* _Problem to work on_
All that is wanted is a word-for-word copy of the data from its first line to the line containing "KIVARI tie front dress- XS - Picture 5 of 8", both included.
..........
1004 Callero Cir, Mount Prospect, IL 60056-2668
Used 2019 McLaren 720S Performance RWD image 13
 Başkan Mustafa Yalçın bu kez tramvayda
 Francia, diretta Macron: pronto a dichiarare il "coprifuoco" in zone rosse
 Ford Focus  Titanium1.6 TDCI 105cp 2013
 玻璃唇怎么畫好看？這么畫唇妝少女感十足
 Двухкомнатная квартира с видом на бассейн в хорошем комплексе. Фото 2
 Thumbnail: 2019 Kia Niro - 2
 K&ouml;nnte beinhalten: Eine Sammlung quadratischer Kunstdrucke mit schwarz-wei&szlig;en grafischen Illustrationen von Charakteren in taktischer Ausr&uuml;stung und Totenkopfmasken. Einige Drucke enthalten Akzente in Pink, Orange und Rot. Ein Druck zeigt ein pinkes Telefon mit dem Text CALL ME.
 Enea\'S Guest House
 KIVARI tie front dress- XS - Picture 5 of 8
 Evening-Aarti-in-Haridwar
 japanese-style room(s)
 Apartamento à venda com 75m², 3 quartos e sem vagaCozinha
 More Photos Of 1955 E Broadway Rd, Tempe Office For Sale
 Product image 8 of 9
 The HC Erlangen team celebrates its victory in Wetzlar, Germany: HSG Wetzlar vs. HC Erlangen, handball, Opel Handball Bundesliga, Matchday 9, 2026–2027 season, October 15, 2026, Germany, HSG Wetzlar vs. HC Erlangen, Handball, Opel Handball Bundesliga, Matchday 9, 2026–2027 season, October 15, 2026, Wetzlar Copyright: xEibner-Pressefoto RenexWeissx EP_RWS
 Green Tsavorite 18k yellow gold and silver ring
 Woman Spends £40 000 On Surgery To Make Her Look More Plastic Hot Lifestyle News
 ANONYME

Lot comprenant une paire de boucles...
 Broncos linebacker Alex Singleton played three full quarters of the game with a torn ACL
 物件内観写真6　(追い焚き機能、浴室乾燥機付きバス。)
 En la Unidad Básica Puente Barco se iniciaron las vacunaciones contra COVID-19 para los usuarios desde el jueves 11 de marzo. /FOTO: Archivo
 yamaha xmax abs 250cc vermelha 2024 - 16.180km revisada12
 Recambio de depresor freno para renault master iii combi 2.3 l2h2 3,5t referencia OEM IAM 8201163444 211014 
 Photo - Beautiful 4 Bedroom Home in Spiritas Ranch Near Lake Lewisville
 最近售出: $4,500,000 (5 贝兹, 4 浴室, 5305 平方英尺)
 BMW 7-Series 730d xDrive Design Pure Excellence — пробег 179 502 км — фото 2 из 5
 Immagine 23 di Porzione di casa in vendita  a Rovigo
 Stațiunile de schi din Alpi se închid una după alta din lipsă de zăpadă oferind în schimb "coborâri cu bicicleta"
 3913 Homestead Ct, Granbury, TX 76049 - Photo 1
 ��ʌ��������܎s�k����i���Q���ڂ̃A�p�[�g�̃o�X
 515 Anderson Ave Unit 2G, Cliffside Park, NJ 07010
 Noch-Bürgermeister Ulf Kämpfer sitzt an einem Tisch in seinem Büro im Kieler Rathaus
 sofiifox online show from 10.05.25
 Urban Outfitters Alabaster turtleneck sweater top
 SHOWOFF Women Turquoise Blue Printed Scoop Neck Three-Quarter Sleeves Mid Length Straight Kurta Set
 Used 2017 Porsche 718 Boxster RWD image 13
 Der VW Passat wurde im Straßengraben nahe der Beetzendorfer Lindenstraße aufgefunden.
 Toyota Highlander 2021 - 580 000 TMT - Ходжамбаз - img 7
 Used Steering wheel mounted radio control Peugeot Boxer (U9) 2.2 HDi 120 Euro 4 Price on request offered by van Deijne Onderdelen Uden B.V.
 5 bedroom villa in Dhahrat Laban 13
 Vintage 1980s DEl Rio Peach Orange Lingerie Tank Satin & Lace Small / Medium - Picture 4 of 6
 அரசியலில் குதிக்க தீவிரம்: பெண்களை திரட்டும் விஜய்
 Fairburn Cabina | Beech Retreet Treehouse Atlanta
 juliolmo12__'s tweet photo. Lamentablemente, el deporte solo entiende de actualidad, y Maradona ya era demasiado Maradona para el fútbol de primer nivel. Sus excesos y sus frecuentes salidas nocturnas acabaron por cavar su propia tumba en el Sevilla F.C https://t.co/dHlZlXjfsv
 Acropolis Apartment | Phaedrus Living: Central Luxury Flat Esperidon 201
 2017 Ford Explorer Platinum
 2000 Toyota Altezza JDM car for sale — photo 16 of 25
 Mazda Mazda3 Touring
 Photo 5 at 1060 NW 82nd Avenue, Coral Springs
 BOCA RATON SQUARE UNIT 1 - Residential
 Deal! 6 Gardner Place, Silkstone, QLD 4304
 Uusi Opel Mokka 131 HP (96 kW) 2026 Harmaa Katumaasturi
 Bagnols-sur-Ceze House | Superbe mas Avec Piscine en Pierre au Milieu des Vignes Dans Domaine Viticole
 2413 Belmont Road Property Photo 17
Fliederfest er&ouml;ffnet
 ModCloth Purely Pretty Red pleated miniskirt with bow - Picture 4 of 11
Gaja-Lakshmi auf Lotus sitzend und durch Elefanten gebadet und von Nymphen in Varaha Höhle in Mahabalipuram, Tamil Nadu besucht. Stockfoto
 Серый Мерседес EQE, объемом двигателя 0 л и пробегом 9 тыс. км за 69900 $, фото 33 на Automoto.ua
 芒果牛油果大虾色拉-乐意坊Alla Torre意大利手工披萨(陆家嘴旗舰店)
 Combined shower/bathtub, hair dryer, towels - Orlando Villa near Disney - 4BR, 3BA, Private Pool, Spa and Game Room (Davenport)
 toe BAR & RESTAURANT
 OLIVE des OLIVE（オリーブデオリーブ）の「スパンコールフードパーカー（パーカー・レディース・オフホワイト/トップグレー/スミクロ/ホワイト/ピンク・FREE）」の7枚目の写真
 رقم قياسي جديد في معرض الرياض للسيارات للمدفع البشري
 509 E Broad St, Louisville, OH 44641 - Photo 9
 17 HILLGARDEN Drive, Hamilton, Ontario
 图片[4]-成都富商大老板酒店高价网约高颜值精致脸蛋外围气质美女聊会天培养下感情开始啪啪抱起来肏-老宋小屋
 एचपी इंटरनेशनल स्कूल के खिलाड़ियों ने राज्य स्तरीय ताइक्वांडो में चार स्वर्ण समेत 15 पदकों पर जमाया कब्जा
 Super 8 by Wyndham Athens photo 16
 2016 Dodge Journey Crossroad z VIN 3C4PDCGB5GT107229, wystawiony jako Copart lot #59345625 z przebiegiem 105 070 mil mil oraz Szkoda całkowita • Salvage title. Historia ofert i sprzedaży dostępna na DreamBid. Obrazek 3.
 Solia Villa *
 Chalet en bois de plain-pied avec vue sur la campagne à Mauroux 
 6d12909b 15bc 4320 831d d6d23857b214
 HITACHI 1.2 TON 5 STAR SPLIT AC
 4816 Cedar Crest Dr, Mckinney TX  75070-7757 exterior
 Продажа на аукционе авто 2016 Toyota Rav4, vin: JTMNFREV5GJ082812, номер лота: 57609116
..........
* _Finished task_
1004 Callero Cir, Mount Prospect, IL 60056-2668
Used 2019 McLaren 720S Performance RWD image 13
 Başkan Mustafa Yalçın bu kez tramvayda
 Francia, diretta Macron: pronto a dichiarare il "coprifuoco" in zone rosse
 Ford Focus  Titanium1.6 TDCI 105cp 2013
 玻璃唇怎么畫好看？這么畫唇妝少女感十足
 Двухкомнатная квартира с видом на бассейн в хорошем комплексе. Фото 2
 Thumbnail: 2019 Kia Niro - 2
 K&ouml;nnte beinhalten: Eine Sammlung quadratischer Kunstdrucke mit schwarz-wei&szlig;en grafischen Illustrationen von Charakteren in taktischer Ausr&uuml;stung und Totenkopfmasken. Einige Drucke enthalten Akzente in Pink, Orange und Rot. Ein Druck zeigt ein pinkes Telefon mit dem Text CALL ME.
 Enea\'S Guest House
 KIVARI tie front dress- XS - Picture 5 of 8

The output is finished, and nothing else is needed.